### Short web captions
+ + +

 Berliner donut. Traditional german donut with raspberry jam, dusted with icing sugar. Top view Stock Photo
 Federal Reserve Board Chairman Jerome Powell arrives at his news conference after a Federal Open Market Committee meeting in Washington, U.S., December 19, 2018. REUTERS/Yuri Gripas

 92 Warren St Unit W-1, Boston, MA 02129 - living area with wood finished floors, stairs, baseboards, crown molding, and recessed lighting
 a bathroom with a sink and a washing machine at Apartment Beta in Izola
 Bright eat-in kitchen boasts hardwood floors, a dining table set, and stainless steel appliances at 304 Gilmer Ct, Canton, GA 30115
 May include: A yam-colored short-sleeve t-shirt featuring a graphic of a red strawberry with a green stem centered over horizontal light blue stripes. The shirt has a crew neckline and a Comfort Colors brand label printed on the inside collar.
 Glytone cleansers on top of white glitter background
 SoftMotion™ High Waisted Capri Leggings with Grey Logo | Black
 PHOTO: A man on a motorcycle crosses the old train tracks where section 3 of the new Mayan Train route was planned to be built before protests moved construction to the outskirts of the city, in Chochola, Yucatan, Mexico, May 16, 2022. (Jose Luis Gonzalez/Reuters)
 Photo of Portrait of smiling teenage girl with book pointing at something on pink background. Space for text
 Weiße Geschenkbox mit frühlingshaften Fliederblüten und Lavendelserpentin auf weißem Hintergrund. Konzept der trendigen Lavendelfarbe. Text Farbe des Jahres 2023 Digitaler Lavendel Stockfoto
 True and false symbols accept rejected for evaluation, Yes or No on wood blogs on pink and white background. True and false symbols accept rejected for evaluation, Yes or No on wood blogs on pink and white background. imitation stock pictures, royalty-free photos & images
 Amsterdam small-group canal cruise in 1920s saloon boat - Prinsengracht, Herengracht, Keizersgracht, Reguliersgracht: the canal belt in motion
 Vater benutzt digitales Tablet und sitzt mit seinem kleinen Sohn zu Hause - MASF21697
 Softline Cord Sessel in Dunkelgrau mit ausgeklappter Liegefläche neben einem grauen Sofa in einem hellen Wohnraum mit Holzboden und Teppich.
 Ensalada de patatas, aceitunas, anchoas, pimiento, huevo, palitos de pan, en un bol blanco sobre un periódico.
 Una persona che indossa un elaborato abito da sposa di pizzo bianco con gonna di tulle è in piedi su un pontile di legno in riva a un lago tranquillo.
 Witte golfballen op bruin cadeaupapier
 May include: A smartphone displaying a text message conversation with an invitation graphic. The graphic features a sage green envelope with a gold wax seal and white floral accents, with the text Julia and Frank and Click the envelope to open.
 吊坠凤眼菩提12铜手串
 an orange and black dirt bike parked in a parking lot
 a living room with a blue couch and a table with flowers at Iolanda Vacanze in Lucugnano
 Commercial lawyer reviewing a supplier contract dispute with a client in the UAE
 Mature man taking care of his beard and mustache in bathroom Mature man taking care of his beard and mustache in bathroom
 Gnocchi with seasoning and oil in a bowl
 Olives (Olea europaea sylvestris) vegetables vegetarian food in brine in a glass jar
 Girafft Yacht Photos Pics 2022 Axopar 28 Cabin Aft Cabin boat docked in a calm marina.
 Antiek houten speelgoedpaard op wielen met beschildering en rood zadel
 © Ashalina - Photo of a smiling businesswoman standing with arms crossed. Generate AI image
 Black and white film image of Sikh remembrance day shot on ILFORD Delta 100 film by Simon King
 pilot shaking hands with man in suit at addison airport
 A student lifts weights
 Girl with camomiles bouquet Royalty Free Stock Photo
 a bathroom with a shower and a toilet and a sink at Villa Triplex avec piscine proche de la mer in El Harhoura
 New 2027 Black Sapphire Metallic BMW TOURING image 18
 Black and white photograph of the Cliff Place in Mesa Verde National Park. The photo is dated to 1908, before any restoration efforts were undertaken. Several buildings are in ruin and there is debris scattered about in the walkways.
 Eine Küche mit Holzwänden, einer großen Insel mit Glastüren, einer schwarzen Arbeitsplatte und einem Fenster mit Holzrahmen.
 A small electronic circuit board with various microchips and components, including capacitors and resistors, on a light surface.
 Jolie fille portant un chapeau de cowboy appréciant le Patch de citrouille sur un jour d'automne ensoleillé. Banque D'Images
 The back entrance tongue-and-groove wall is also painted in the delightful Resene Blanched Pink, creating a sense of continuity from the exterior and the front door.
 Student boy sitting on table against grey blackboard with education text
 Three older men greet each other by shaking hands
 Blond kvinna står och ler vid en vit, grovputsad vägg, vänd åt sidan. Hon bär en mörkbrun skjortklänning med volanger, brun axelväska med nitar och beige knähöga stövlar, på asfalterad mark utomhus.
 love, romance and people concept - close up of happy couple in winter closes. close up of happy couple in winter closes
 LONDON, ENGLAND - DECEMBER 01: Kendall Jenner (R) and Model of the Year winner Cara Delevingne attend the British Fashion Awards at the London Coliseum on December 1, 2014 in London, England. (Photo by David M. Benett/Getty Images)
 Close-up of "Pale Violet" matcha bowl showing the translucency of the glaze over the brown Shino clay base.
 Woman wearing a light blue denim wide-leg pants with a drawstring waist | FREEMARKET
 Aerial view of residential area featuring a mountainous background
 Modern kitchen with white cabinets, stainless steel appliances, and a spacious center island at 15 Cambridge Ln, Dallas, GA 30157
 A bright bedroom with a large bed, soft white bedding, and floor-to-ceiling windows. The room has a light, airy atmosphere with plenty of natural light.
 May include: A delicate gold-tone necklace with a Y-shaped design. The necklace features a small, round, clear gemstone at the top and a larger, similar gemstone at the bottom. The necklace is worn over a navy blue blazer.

+ + +

### Work item
Write down, word for word, the lines above from the one containing "吊坠凤眼菩提12铜手串" through the one containing "New 2027 Black", both ends included.

### Task answer
 吊坠凤眼菩提12铜手串
 an orange and black dirt bike parked in a parking lot
 a living room with a blue couch and a table with flowers at Iolanda Vacanze in Lucugnano
 Commercial lawyer reviewing a supplier contract dispute with a client in the UAE
 Mature man taking care of his beard and mustache in bathroom Mature man taking care of his beard and mustache in bathroom
 Gnocchi with seasoning and oil in a bowl
 Olives (Olea europaea sylvestris) vegetables vegetarian food in brine in a glass jar
 Girafft Yacht Photos Pics 2022 Axopar 28 Cabin Aft Cabin boat docked in a calm marina.
 Antiek houten speelgoedpaard op wielen met beschildering en rood zadel
 © Ashalina - Photo of a smiling businesswoman standing with arms crossed. Generate AI image
 Black and white film image of Sikh remembrance day shot on ILFORD Delta 100 film by Simon King
 pilot shaking hands with man in suit at addison airport
 A student lifts weights
 Girl with camomiles bouquet Royalty Free Stock Photo
 a bathroom with a shower and a toilet and a sink at Villa Triplex avec piscine proche de la mer in El Harhoura
 New 2027 Black Sapphire Metallic BMW TOURING image 18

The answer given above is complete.